Il nuovo testo, composto da 52 articoli, è stato redatto da un Collegio di tre esperti, revisori dei conti, nominati nel dicembre 2003, che ha depositato nei primi mesi dell’anno 2005 l’elaborato, trasmesso poi per il parere alla Commissione Bilancio.

Il nuovo R.a.c., pubblicato sulla G.U del 29.12.2005, all’art. 25 si limita a fissare, in astratto e in misura percentuale, il rapporto tra le indennità previste per la partecipazione alle sedute di Comitato, di Commissione e della Sezione disciplinare rispetto a quella corrisposta per la partecipazione alla seduta plenaria.

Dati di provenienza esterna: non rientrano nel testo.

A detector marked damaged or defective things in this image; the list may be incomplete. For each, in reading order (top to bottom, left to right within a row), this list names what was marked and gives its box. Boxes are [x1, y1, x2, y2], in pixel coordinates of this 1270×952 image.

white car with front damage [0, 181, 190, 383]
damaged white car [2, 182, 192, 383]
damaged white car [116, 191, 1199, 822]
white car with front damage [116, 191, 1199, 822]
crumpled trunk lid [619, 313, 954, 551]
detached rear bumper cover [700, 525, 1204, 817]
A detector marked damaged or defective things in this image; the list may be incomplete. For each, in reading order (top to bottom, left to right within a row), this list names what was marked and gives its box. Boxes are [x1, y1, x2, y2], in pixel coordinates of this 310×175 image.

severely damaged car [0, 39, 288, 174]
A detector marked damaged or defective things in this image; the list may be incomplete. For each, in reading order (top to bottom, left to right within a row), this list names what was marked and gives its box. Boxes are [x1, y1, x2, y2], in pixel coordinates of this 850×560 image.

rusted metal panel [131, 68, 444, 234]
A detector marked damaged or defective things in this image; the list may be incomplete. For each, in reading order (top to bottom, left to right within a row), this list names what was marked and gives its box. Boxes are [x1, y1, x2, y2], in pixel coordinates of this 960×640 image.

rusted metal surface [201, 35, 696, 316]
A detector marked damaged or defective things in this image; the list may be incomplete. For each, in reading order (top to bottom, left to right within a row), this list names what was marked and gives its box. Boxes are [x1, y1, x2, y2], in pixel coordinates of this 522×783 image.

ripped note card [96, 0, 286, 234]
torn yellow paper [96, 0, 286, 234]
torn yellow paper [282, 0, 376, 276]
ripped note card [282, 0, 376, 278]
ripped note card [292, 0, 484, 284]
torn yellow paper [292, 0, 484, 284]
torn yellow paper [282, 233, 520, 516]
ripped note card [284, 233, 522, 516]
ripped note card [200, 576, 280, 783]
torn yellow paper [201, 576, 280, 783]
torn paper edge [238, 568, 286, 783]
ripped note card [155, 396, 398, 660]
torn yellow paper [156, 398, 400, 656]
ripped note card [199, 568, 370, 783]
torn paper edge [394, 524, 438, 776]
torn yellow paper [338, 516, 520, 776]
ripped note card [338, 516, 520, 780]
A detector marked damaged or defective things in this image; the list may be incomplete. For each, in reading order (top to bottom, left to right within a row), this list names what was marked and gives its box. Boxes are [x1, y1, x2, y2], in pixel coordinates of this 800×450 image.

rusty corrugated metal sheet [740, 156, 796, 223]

Resta fermo, quindi, che la misura dell’indennità deve essere annualmente deliberata dal Consiglio su proposta del Comitato di Presidenza, previo parere della Commissione Bilancio, “tenendo conto dell’andamento del costo della vita e di similari indennità stabilite per gli altri organi di rilevanza costituzionale”.

Proprio il Vicepresidente, nel corso del dibattito assembleare in sede di approvazione del nuovo R.a.c., precisò che non si trattava di stabilire la misura della indennità di presenza ma solo di fissare il valore e il rapporto percentuale della partecipazione alle sedute di Comitato, di Commissione e della Sezione disciplinare rispetto a quella relativa alle riunioni di Consiglio; riservando poi, ad una successiva deliberazione assembleare, la individuazione del quantum, alla luce anche delle indicazioni che dovevano scaturire dalla approvazione della finanziaria.

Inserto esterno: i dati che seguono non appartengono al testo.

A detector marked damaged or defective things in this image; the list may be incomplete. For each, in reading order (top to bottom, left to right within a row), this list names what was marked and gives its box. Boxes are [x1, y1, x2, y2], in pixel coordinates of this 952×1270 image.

Uno dei primi atti di cui dovrà pertanto occuparsi il Comitato di Presidenza alla ripresa della attività, dopo la pausa natalizia, è proprio la determinazione per l’anno 2006 della misura delle indennità attribuite ai Consiglieri, in applicazione rigorosa delle indicazioni che scaturiscono dalla legge finanziaria e dei criteri stabiliti dal R.a.c., cosi come previsto dall’art. 40 della L. 24.03.1958 n. 195 e succ. mod.. (Norme sulla costituzione e sul funzionamento del CSM).